Selain bertambah kesejahteraan dia menilai bahwa guru adalah ujung tombak dari kurikulum. Guru adalah pemain inti, karena apapun kurikulumnya, guru profesional yang menuntun murid mencapai tujuannya. "Guru bisa meningkatkan kompetensi diri dalam melakukan pembelajaran di kelas.
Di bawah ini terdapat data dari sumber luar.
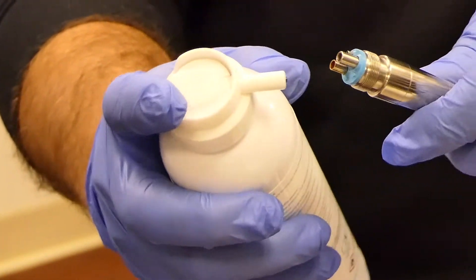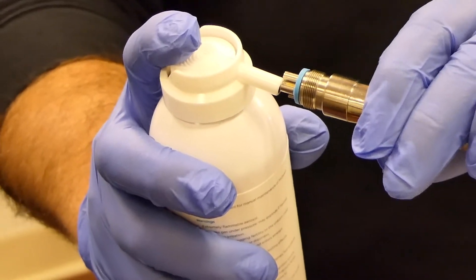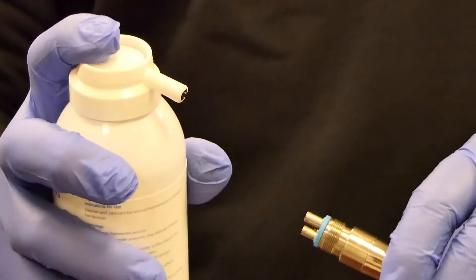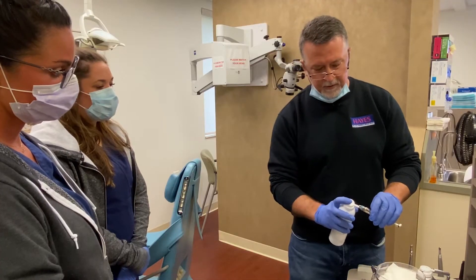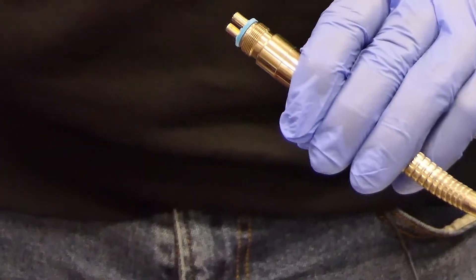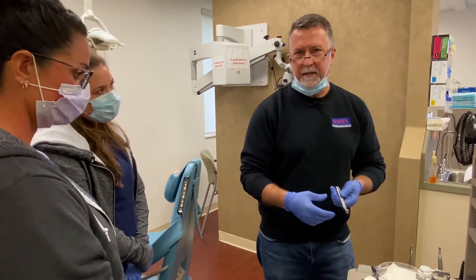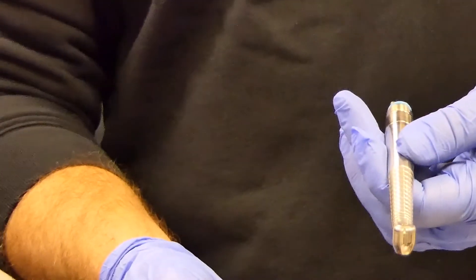To lubricate, we want to use the smaller of the two large holes — that's the air drive going up into the turbine. I'll line the can of lubricant right up with the air drive and, as fast as I can, push down on the cap and lift off. You're going to see lubricant ooze out of the head of the handpiece. Now we need to go ahead and expel that debris and lubricant out of the handpiece.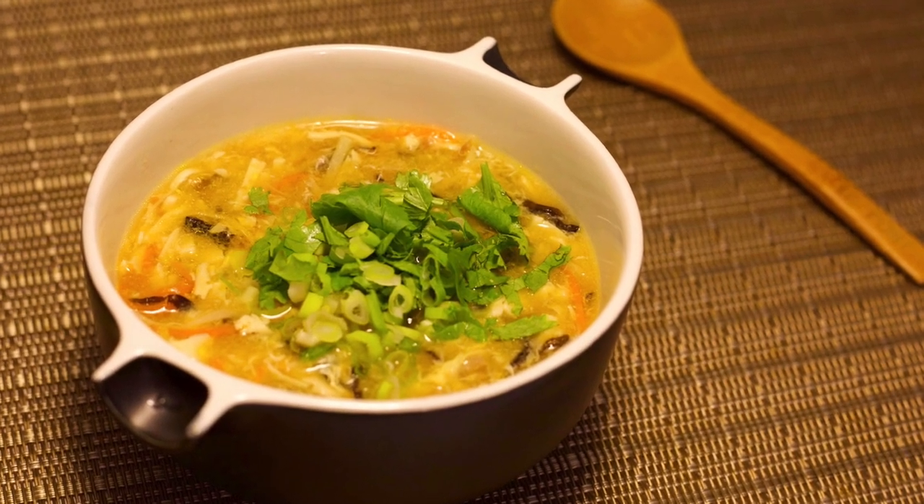Welcome to Cooking Quickies. It's dinner time again. Guess what we're cooking tonight? It's another famous Chinese dish called hot and sour soup.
Transformasi guru dimulai dari diri masing-masing sesuai dengan nilai-nilai yang dimiliki guru yakni kemandirian, mengembangkan diri dan mengembangkan orang lain, reflektif, inovatif, kolaborasi dan nilai keberpihakan kepada siswa," tambahnya.
Dari kisah Ibu Nurhayati dan Ibu Siti diatas, terlihat begitu besarnya harapan semua guru honorer untuk diangkat menjadi ASN PPPK, selain menambah kesejahteraan tentu saja ada peningkatan dalam hal kompetensi dan peningkatan karier dari guru yang bersangkutan.
Walaupun pada kenyataannya di lapangan seleksi PPPK ini tidak berjalan dengan mulus, seperti keterbatasan pada peserta yang sudah berumur dan merasa kesulitan dalam mengoperasikan komputer, serta guru honorer yang lulus passing grade tetapi belum mendapatkan formasi, dan lain sebagainya.
Tetapi seperti apa yang diharapkan oleh Menteri Nadiem Makarim bahwa sosok guru yang berstatus ASN PPPK ini diharapkan tidak hanya bertambah kesejahteraannya tetapi dengan menyandang status ASN maka guru tersebut dapat menjadi guru yang profesional dengan mengembangkan potensi yang dimiliki dengan maksimal, di tengah era globalisasi dan teknologi sekarang ini yang segalanya sudah terbuka dan menembus ruang batas dan waktu, Guru ASN PPPK diharapkan dapat memberikan transformasi pembelajaran di kelas yang berpihak pada siswa.
Ada pesan yang menyentuh pada saat perbincangan terakhir dengan ibu Nurhayati, “Tolong sampaikan kepada petingi-petinggi di atas, seandainya ibu tidak lolos pada kesempatan seleksi ini, mohon pemerintah tetap memperhatikan keberadaan kami, karena ketersediaan guru di daerah sangat sedikit sedangkan siswa disana tidak mungkin kami tinggalkan begitu saja”
Dari perbincangan tersebut saya mencoba mengambil hikmah bahwa sosok Guru Dikdas yang berstatus ASN PPPK yang diharapkan adalah seperti sosok Nurhayati ini, beliau dengan segala keterbatasan mau dan mampu untuk mengajar di sebuah dusun sebuah pulau yang jauh dari pusat pemerintahan mendidik siswanya supaya dapat berguna buat daerahnya kelak, hal tersebut tentu diiringi dengan sebuah keinginan dan pengakuan dari negara ini, dan Harapan itu bernama status ASN PPPK.